Icebergs float in a fjord near the south Greenland town of Narsaq (Reuters file)

Icebergs float in a fjord near the south Greenland town of Narsaq (Reuters file)

By Karl Ritter

An island of ice more than four times the size of Manhattan is drifting across the Arctic Ocean after breaking off from a glacier in Greenland.

Potentially in the path of this unstoppable giant are oil platforms and shipping lanes - and any collision could do untold damage. In a worst case scenario, large chunks could reach the heavily trafficked waters where another Greenland iceberg sank the Titanic in 1912.

It's been a summer of near biblical climatic havoc across the planet, with wildfires, heat and smog in Russia and killer floods in Asia. But the moment the Petermann glacier cracked last week - creating the biggest Arctic ice island in half a century - may symbolize a warming world like no other.

"It's so big that you can't prevent it from drifting. You can't stop it," said Jon-Ove Methlie Hagen, a glaciologist at the University of Oslo.

Few images can capture the world's climate fears like a 260-sqare-kilometre chunk of ice breaking off Greenland's vast ice sheet, a reservoir of freshwater that if it collapsed would raise global sea levels by a devastating 6 metres.

The world's newest ice island already is being used as a powerful emblem in the global warming debate, with US Rep. Edward Markey of Massachusetts suggesting it could serve as a home for climate change sceptics.

Researchers are in a scramble to plot the trajectory of the floating ice shelf, which is moving toward the Nares Strait separating Greenland's northwestern coast and Canada's Ellsemere Island.

If it makes it into the strait before the winter freeze - due to start next month - it would likely be carried south by ocean currents, hugging Canada's east coast until it enters waters busy with oil activities and shipping off Newfoundland.

"That's where it starts to become dangerous," said Mark Drinkwater, of the European Space Agency.

The Canadian Ice Service estimates the journey will take one to two years. It's likely to break up as it bumps into other icebergs and jagged islands. The fragments would be further ground down by winds and waves and would start to melt as they move into warmer waters.

"But the fragments may still be quite large," warned Trudy Wohlleben, a Canadian ice forecaster, who first spotted the massive chunk of ice on satellite images last Thursday.

The chunks of ice could be large enough to threaten Canada's offshore platforms in the Grand Banks off Newfoundland, said Wohlleben.

And, while it's possible to redirect smaller icebergs, by towing them or spraying them with water cannons, "I don't think they could do that with an iceberg this large," she said. "They would have to physically move the rig."

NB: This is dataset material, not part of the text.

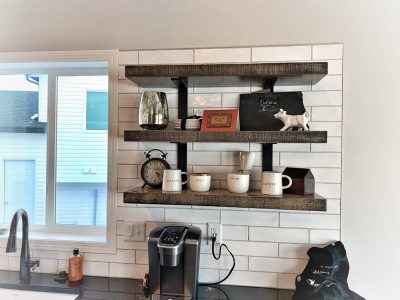Custom Kitchen Floating Shelves Thomsen Homes Feature Wall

Moving an offshore platform is time-consuming and expensive - and very complicated in cases where they are fixed to the ocean floor.

While Greenland's glaciers break off thousands of icebergs into Arctic waters every year, scientists say this ice island is the biggest in the northern hemisphere since 1962.

It contains enough freshwater to keep the Hudson River flowing for more than two years, said Andreas Muenchow of the University of Delaware.

The drifting ice sheet is likely to remain at the heart of the global warming discussion during its journey.

While experts say it's difficult to directly tie the giant ice island to climate change because there are so many factors that affect glaciers in the area, the unusual event coincides with worrisome signs of warming in the Arctic.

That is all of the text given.